*** Supplied records
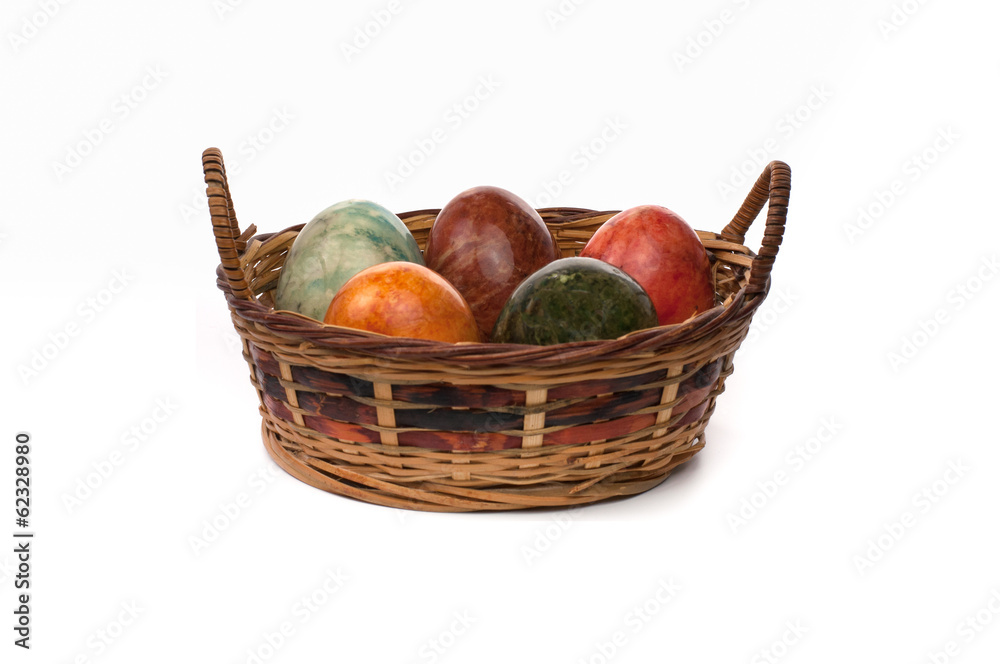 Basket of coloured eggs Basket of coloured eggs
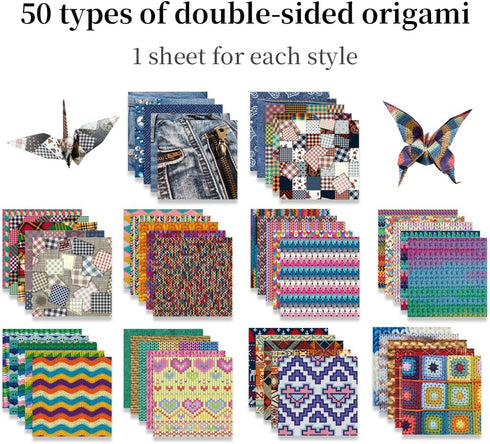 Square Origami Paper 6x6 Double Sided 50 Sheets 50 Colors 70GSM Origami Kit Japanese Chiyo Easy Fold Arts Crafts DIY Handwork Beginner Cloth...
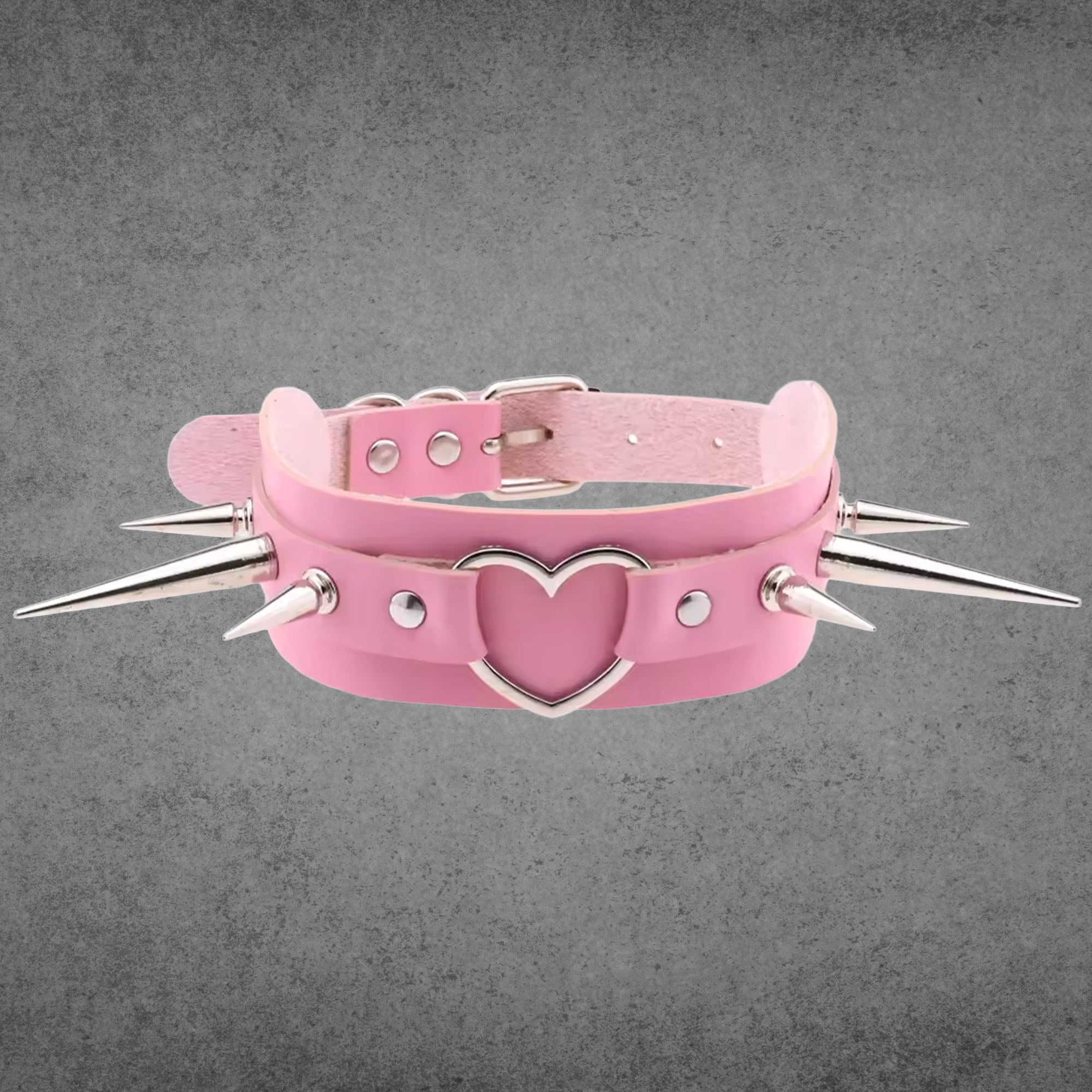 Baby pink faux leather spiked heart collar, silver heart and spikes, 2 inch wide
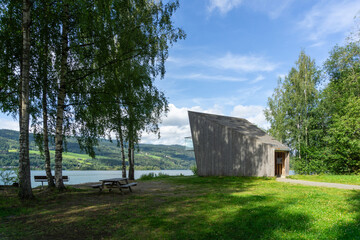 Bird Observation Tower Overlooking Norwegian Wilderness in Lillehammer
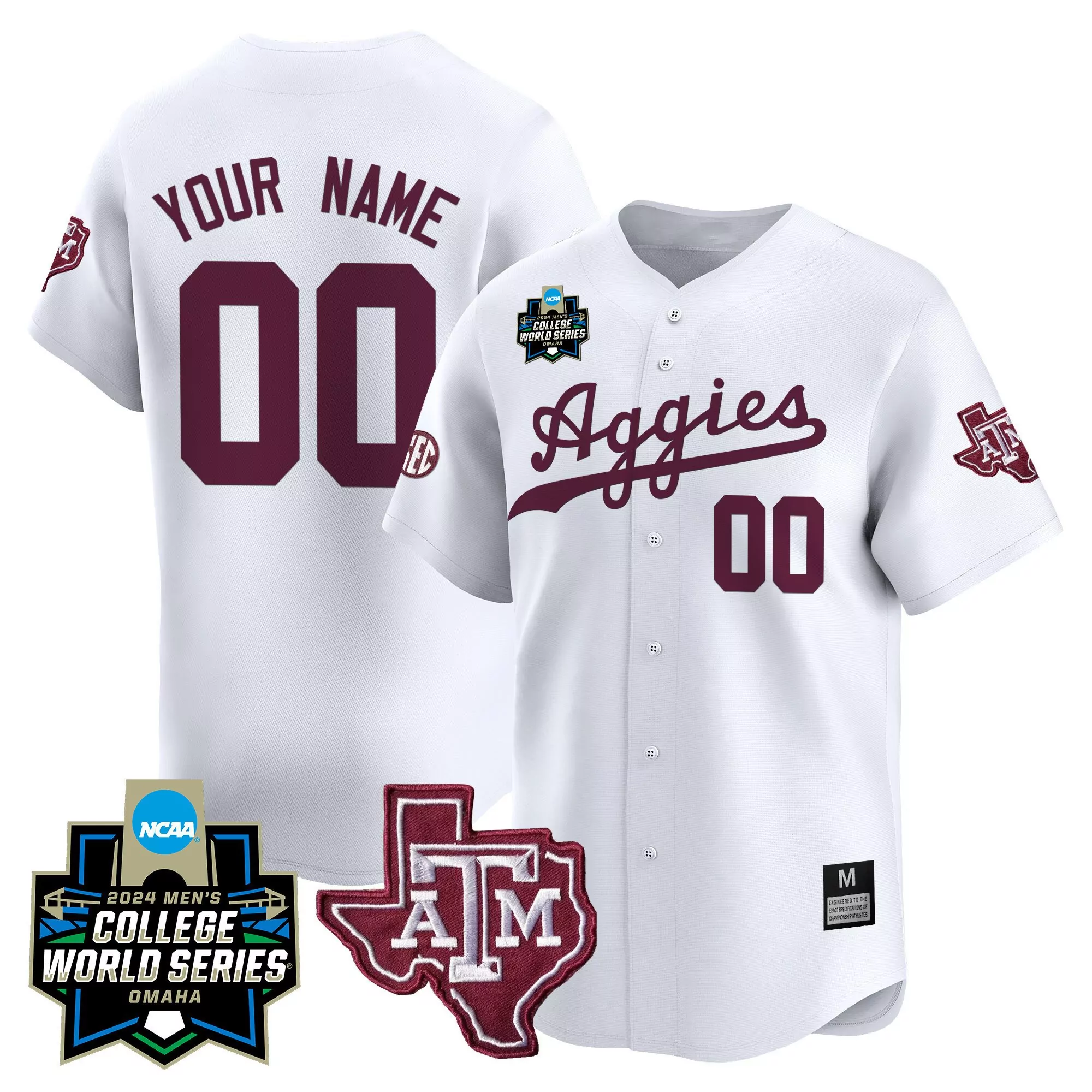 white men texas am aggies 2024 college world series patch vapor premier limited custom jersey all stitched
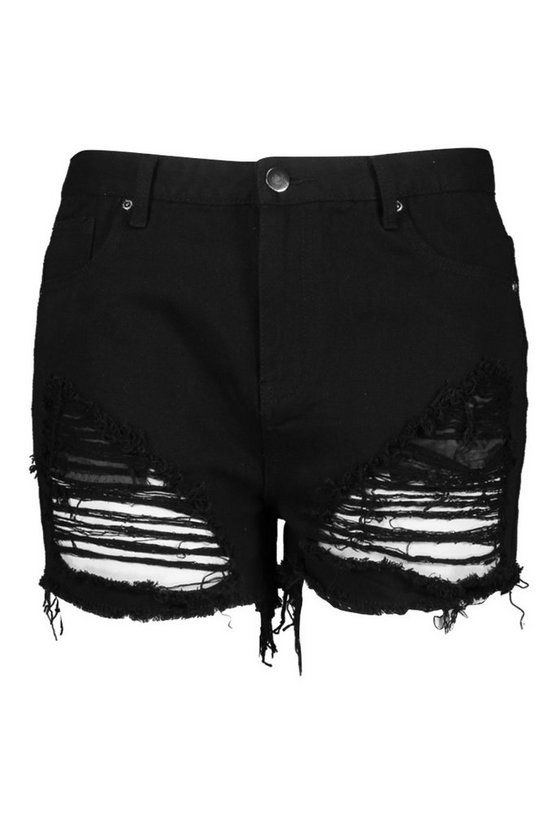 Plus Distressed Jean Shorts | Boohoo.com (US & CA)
******
_Task goal_
Print, word for word, every entry shown above; the pictures stay out.

_Result for this task_
 Basket of coloured eggs Basket of coloured eggs
 Square Origami Paper 6x6 Double Sided 50 Sheets 50 Colors 70GSM Origami Kit Japanese Chiyo Easy Fold Arts Crafts DIY Handwork Beginner Cloth...
 Baby pink faux leather spiked heart collar, silver heart and spikes, 2 inch wide
 Bird Observation Tower Overlooking Norwegian Wilderness in Lillehammer
 white men texas am aggies 2024 college world series patch vapor premier limited custom jersey all stitched
 Plus Distressed Jean Shorts | Boohoo.com (US & CA)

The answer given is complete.